Fragmentation and Overlap in the Machinery of Government: A Methodology for Analysis using Artificial Intelligence

All around the world, the hierarchical or “vertical” structure of public administration leads to challenges in addressing multidimensional or “horizontal” policy problems that cut across multiple ministries and agencies. The greater the number of vertical structures involved in the same policy area, the larger the challenge. 

Such overlap in the mandate of different units, and the resulting fragmentation of the public sector, lead to well-known problems:

  • Increased risk of implementing inconsistent or contradictory policy interventions.
  • Diminished accountability for results, reducing the ability to learn what works (and what does not) and the incentive to deliver.
  • Increased risk of internal political-bureaucratic conflict.
  • Duplication of effort, with resulting inefficiencies in budget allocation and management.
  • Accessing government services becomes more difficult, as there is no one-stop-shop for beneficiaries and eligibility requirements may be inconsistent across programs and services.
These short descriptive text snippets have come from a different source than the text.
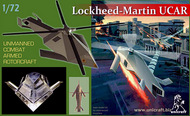  Unicraft Models  1/72 Lockheed-Martin UCAR unmanned stealth combat helicopter UNI72112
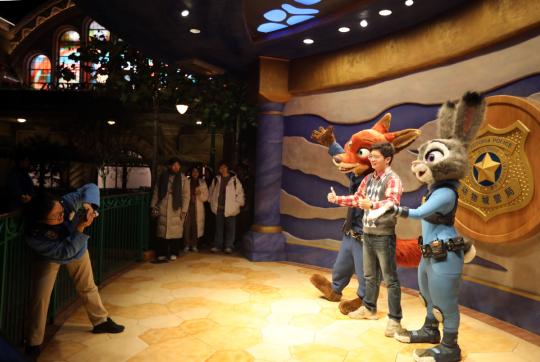 Zootopia-themed attraction opens in Shanghai Disney Resort
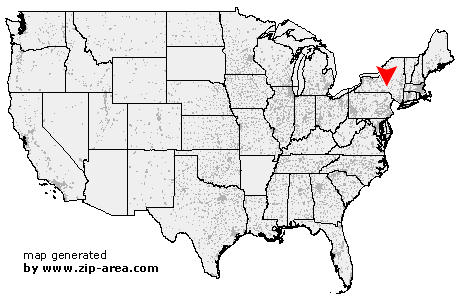 Location of Oxford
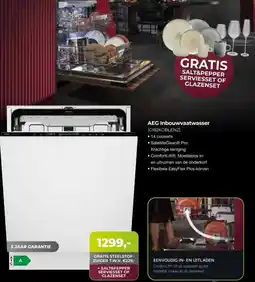 EP Beerepoot AEG Inbouwvaatwasser aanbieding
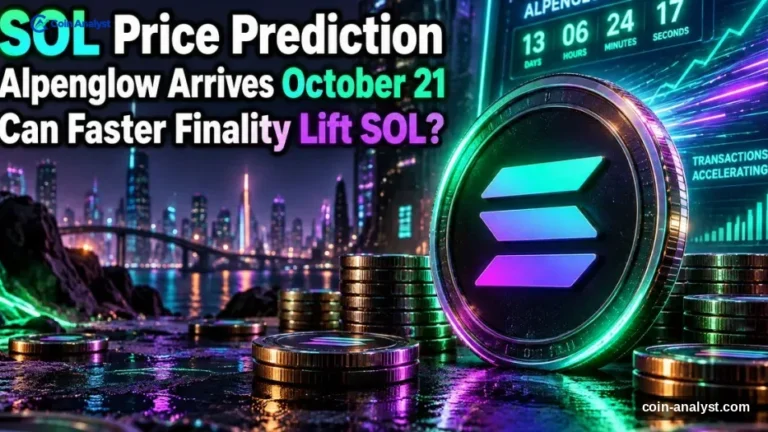 SOL Price Prediction as October 21 Alpenglow Upgrade Nears: Can Faster Finality Lift SOL?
Despite these well-known problems, the proper measurement of public sector fragmentation still faces limitations. Most analyses are based on qualitative reviews of documentation and interviews with officials. This approach has two weaknesses. First, it is very labor-intensive, therefore analyses tend to be limited to specific policy areas. Second, it is almost impossible for any human analyst to maintain consistency when reviewing and comparing the mandates of hundreds or thousands of organizational units.

Artificial intelligence offers an answer to these methodological problems. Natural Language Processing (NLP) enables the identification of patterns in large volumes of text. Text analytics is a promising tool for the study of public administrations, which produce large amounts of documentation. By algorithmically measuring the levels of linguistic similarity in the mandates and goals of organizational units, it is possible to identify potential overlaps without problems of scale or analytical subjectivity.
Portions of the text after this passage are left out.